一見、順風満帆に見えた同社だが、内実は火の車だったようだ。教育ジャーナリストはこう分析する。
「オンライン家庭教師は地域を問わず展開できるメリットがありますが、その分、競合他社との顧客争奪戦が激しい。バンザンは『メガスタ』の知名度を上げるために莫大な広告宣伝費を投じていました。加えて、優秀な講師を確保するための人件費高騰も重なり、利益を圧迫していたのでしょう。典型的な『拡大路線の失敗』と言えます」
2025年には、システムの開発会社から未払いを巡って訴訟を起こされるなど、資金繰り悪化の兆候はすでに表面化していた。それでもなお、直前まで新設校の夢を語り、講師には「金はある」と嘘をつき続けていたことになる。
「飛びましたね」受験生置き去りの悲劇
最大の被害者は、何も知らされずに勉強に励んでいた受験生とその親御さんたちだ。
SNS上では、指導に当たっていた講師たちが悲痛な声を上げている。 《株式会社バンザン、飛びましたね。こちらも痛いけど、こんな受験直前になってこんなことになって、生徒さんどうすんだよ…》
ある講師のもとに届いた事業停止のメールには、残酷な現実が記されていた。未払いの報酬については「破産債権」として取り扱われる――つまり、働いた分の給料が支払われる可能性は限りなく低いということだ。

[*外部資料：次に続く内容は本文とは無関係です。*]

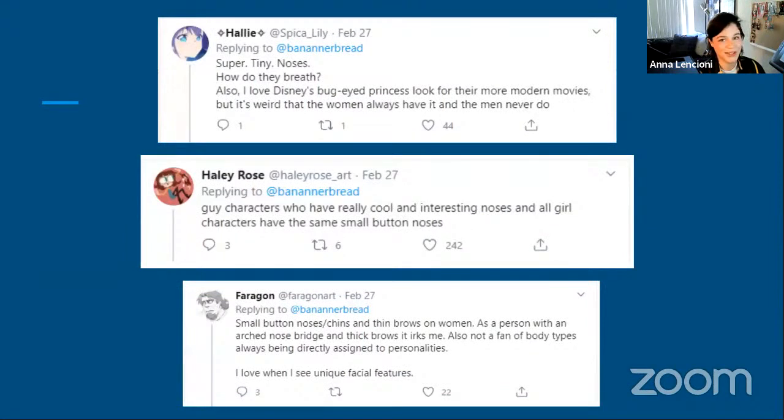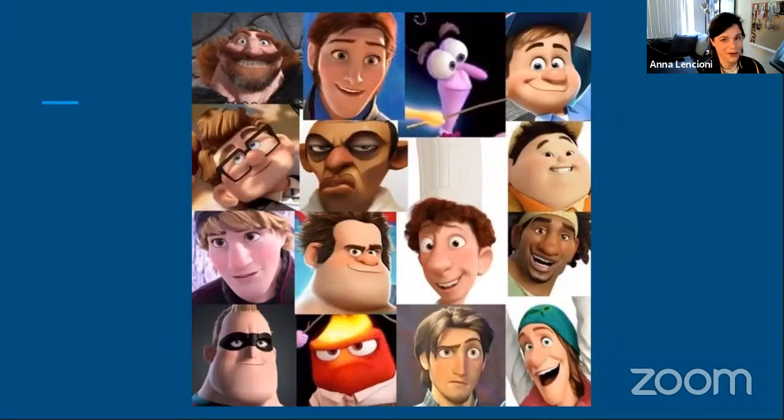Here are some tweets I found compelling. 'Speakalily' says: 'Super tiny noses — how do they breathe? I love Disney's bug-eyed princesses look for their modern movies, but it's weird that women always have it and men never do.' Hayley Rose says: 'Guy characters have really cool and interesting noses, and all the girl characters have the same small button noses.' Faragon Art said: 'Small button noses and thin brows on women — as a person with an arched nose bridge and thick brows, it irks me. Also not a fan of body types always being assigned to personalities.'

「これからご家庭も講師も『潰れない塾』探しが大事になってくる」 人気YouTubeチャンネル『CASTDICE TV』のコバショー氏がX(旧Twitter)でこう警鐘を鳴らす通り、塾選びの基準が根底から覆されようとしている。
「ご厚情賜りましたことを心より感謝申し上げるとともに…」 代表取締役社長・山田博史氏の名前で出された書面には、定型的な謝罪の言葉が並ぶ。しかし、人生を左右する受験の直前に梯子を外された生徒たちの涙は、この一枚の紙切れでは到底拭えそうにない。